■ **Work required**:
What is needed is an exact copy of every line from the one with "Многоквартирный жилой дом." to the end of the entries below, without the pictures.

■ **The data**:
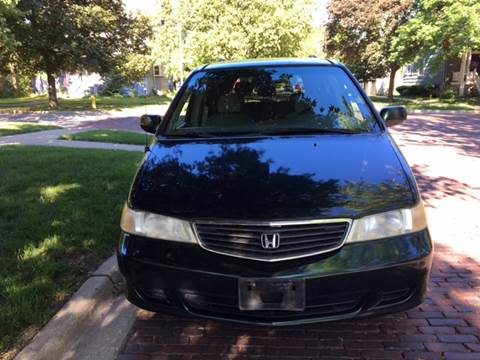 2001 Honda Odyssey for sale at RIVER AUTO SALES CORP in Maywood IL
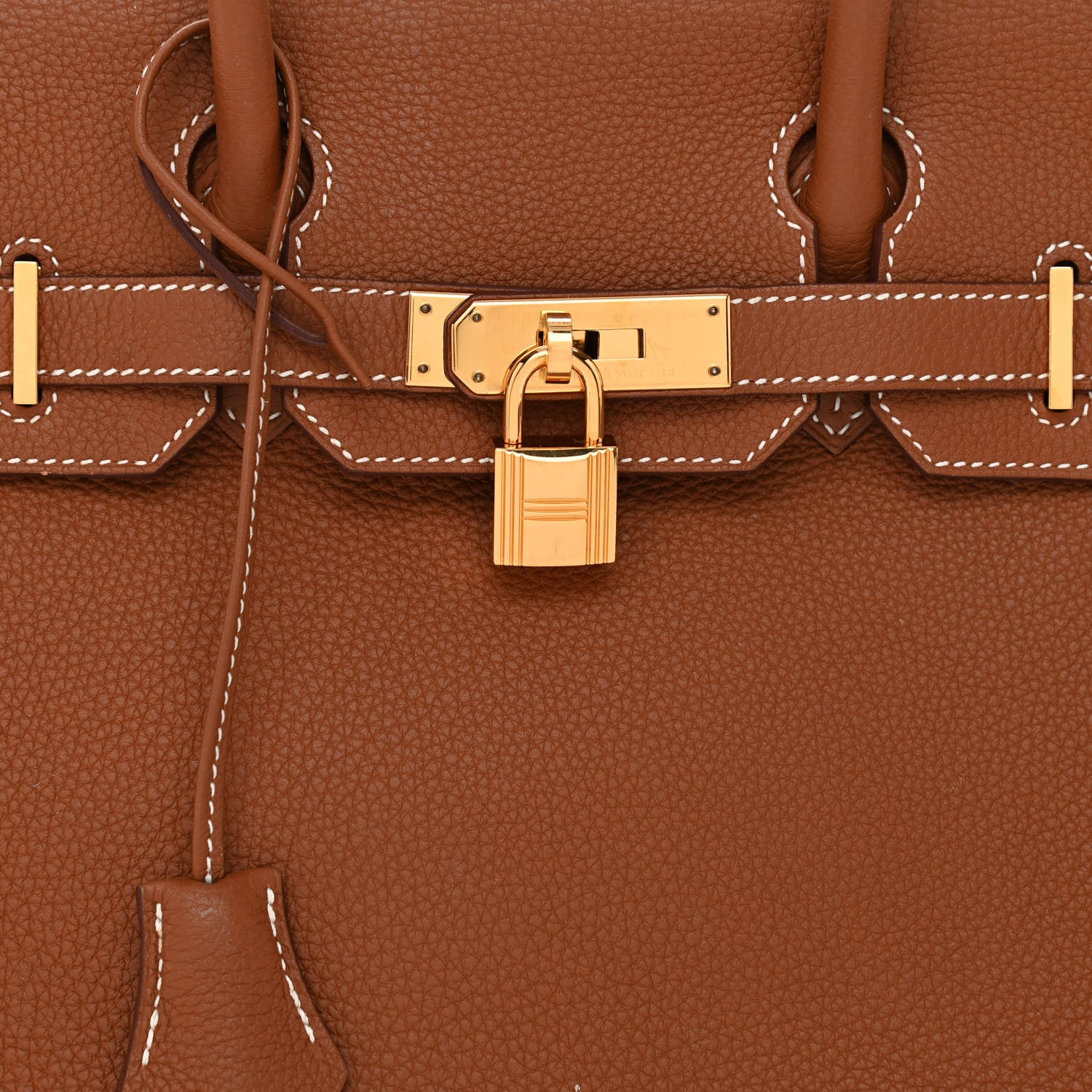 Hermes Togo Birkin 30 Gold 8 of 18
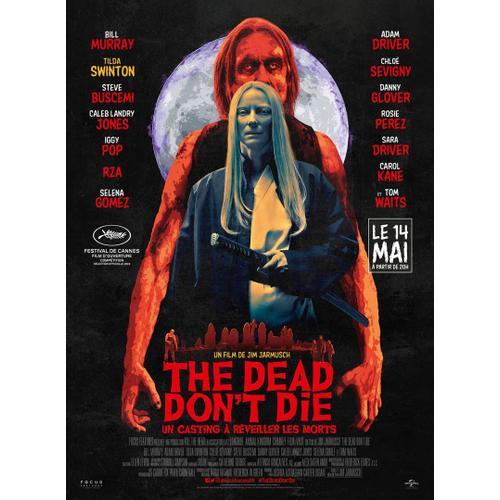 The Dead Don T Die - Affiche Originale De Cinéma - Format 40x60 Cm ... on Productcaster.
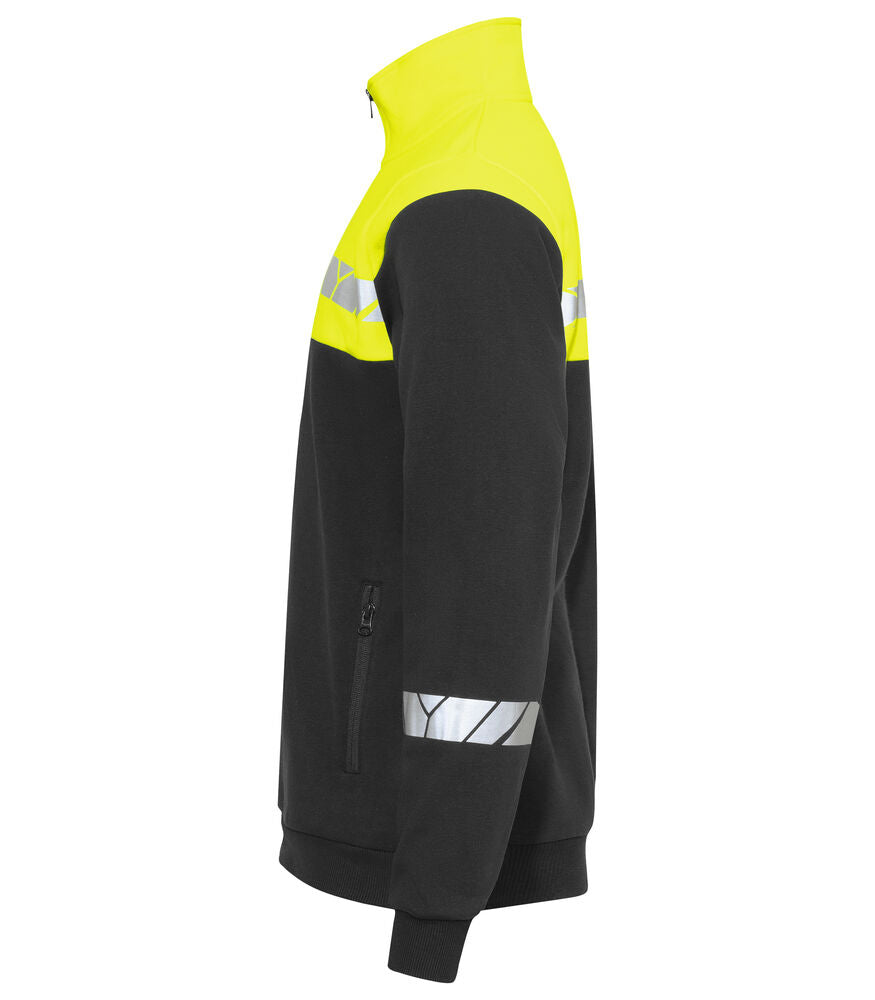 7102 SWEATSHIRT 1/2 ZIP 7102 SWEATSHIRT 1/2 ZIP 9910-VIZ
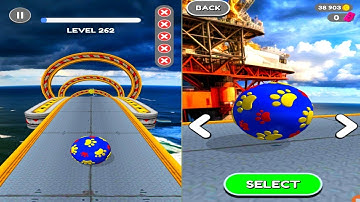 Going balls speedrun gameplay Level 266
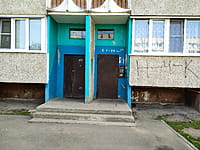 Многоквартирный жилой дом. 13 августа 2021 (пт).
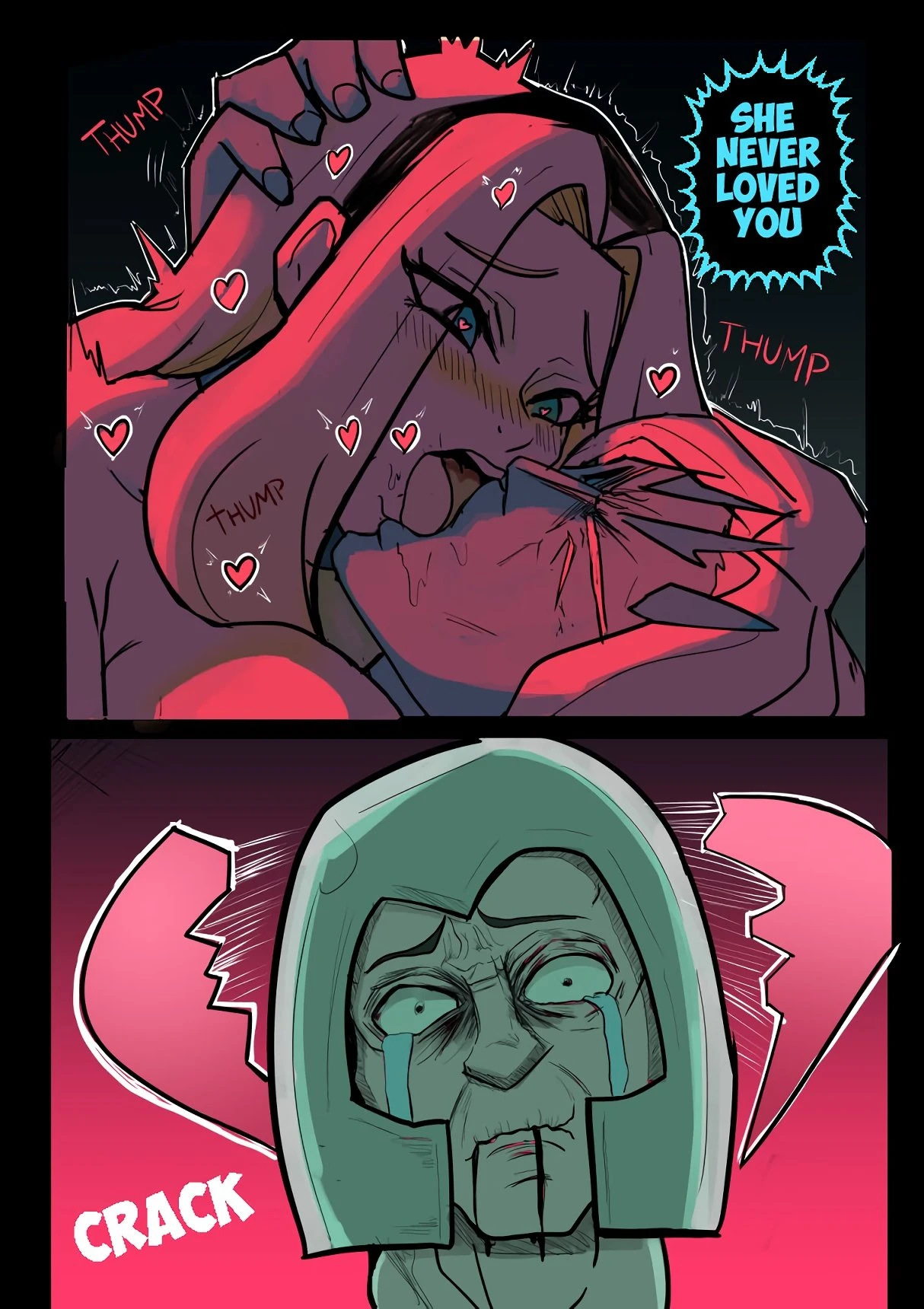 What if? Ruination porn comic picture 24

■ **Solution to this problem**:
 Многоквартирный жилой дом. 13 августа 2021 (пт).
 What if? Ruination porn comic picture 24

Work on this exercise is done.